1978 yılında İngiltere Birmingham’da kurulmuş İngiliz New Wave topluluğu olan Duran Duran, “En İyiler” listelerinin vazgeçilmez ekiplerinden. Grubun kendi isimlerini taşıyan ilk albümleri Duran Duran, İngiltere’de muazzam bir başarı elde etti. Özellikle de Galler prensesi Diana, Duran Duran’ın en sevdiği grup olduğunu söyleyince… Duran Duran ilk albümüyle Amerika Birleşik Devletleri’nde iyi bir başarı elde etmese de birkaç yıl sonra Rio’nun yükselişiyle ABD listelerinde de şans elde etmişti.


Faith
The Cure

Robert Smith, Simon Gallup ve Lol Tolhurst’den oluşan The Cure’ün Mike Hedges ile birlikte prodüktör koltuğunda oturduğu Faith albümünü de listemizde mutlaka saymamız gerek. Zira bu albümde Primary gibi Cure’un saklı hazinesi sayılabilecek kudrette iyi şarkılar vardı. Faith albümü, Cure’un karanlık albümler üçlemesinin ikincisiydi.
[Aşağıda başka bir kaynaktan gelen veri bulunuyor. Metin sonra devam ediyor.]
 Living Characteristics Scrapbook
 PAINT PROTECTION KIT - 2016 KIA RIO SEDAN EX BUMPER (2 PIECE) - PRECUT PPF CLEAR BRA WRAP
Albümün kapağını da ilerde Cure’un gitaristi olacak Pearl Thompson tasarlamıştı.


For Those About To Rock (We Salute You)
– AC/DC

1980 yılında yayınladıkları Back in Black albümleri gerçek anlamda bir baş yapıttı. Her ne kadar Back in Black kadar olmasa da AC/DC 1981 yılında yayınladıkları For Those About To Rock (We Salute You) albümleriyle de bu başarıyı devam ettirdi. Kaldı ki, çok büyük başarı kazanan albümlerden sonraki ilk kayıt dinleyiciler için biraz sıkıntılı olur, ama AC/DC için böyle olmadı. Albümde Let’s Get It Up gibi güçlü parçalar vardı.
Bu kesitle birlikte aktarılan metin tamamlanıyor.